* Dataset content:

────────────────────

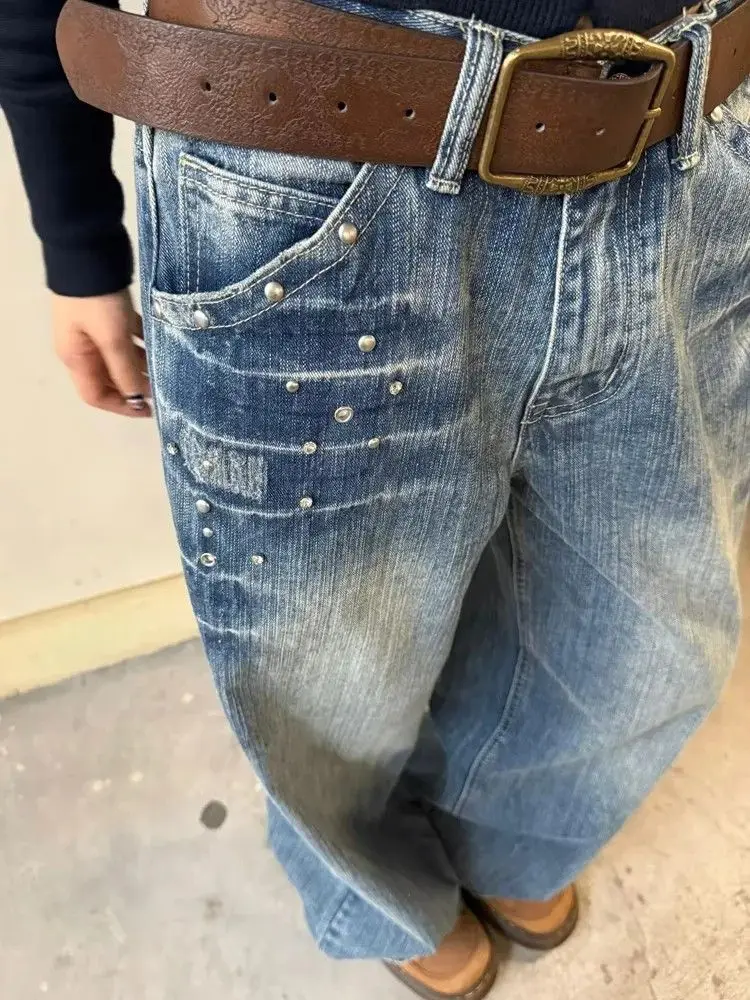 Women's Blue Jeans Y2K Baggy Diamond Korean Version Harajuku 2000S Style Streetwear Aesthetic 90s Retro Jeans Pants Clothing
Women's Blue Jeans Y2K Baggy Diamond Korean Version Harajuku 2000S Style Streetwear Aesthetic 90s Retro Jeans Pants Clothing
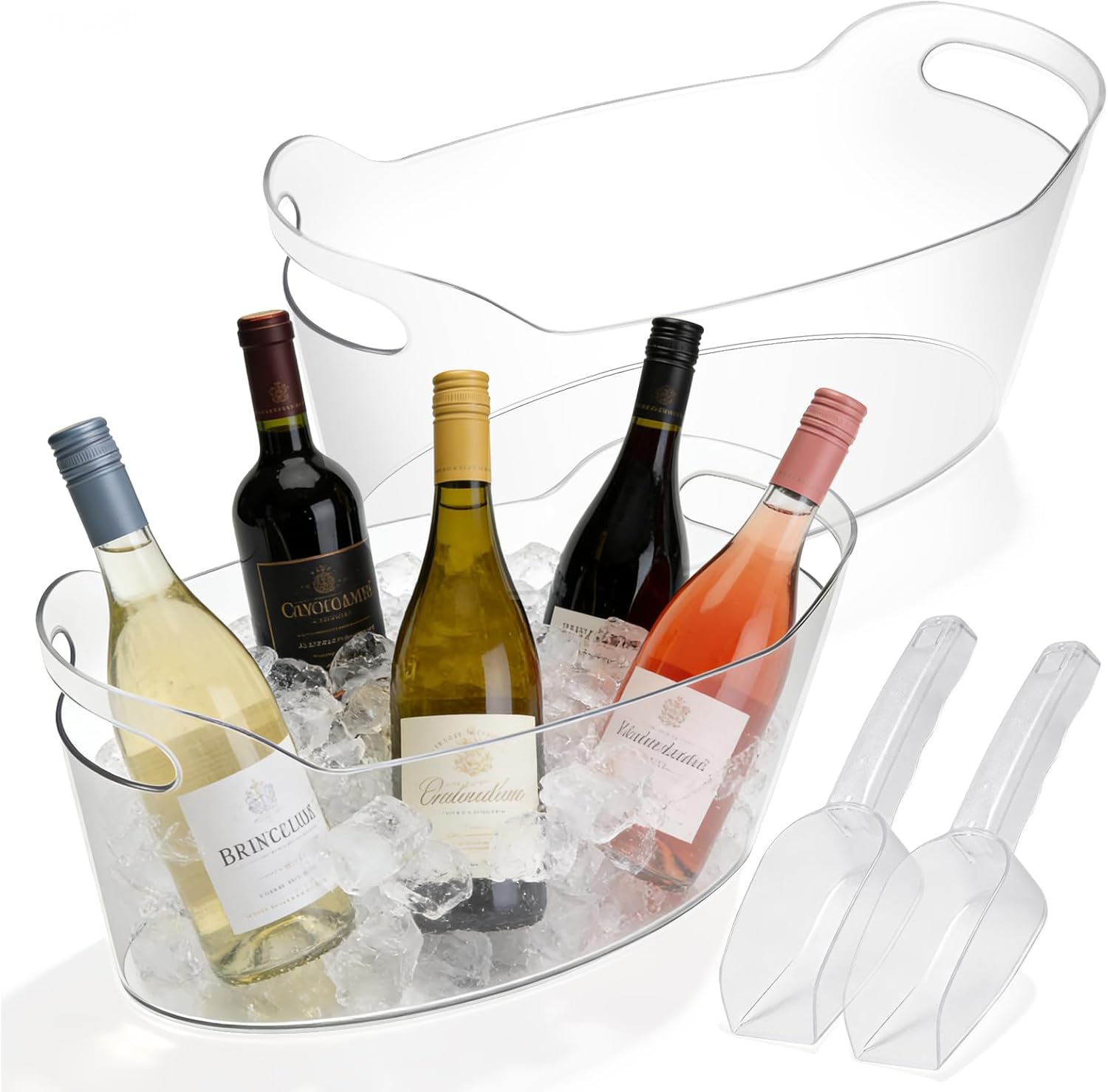 2 PCS Ice Buckets for Parties, 6.5L Large Ice Bucket, 1.5 Gallon Champagne Bucket with 2 Scoops, Beverage Tub Mimosa Bar Supplies for Champagne, Beer, Cocktail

────────────────────

* Exercise goal:
Write out the listing above again, exactly, but with no pictures in the copy.

* Exercise result:
 Women's Blue Jeans Y2K Baggy Diamond Korean Version Harajuku 2000S Style Streetwear Aesthetic 90s Retro Jeans Pants Clothing
Women's Blue Jeans Y2K Baggy Diamond Korean Version Harajuku 2000S Style Streetwear Aesthetic 90s Retro Jeans Pants Clothing
 2 PCS Ice Buckets for Parties, 6.5L Large Ice Bucket, 1.5 Gallon Champagne Bucket with 2 Scoops, Beverage Tub Mimosa Bar Supplies for Champagne, Beer, Cocktail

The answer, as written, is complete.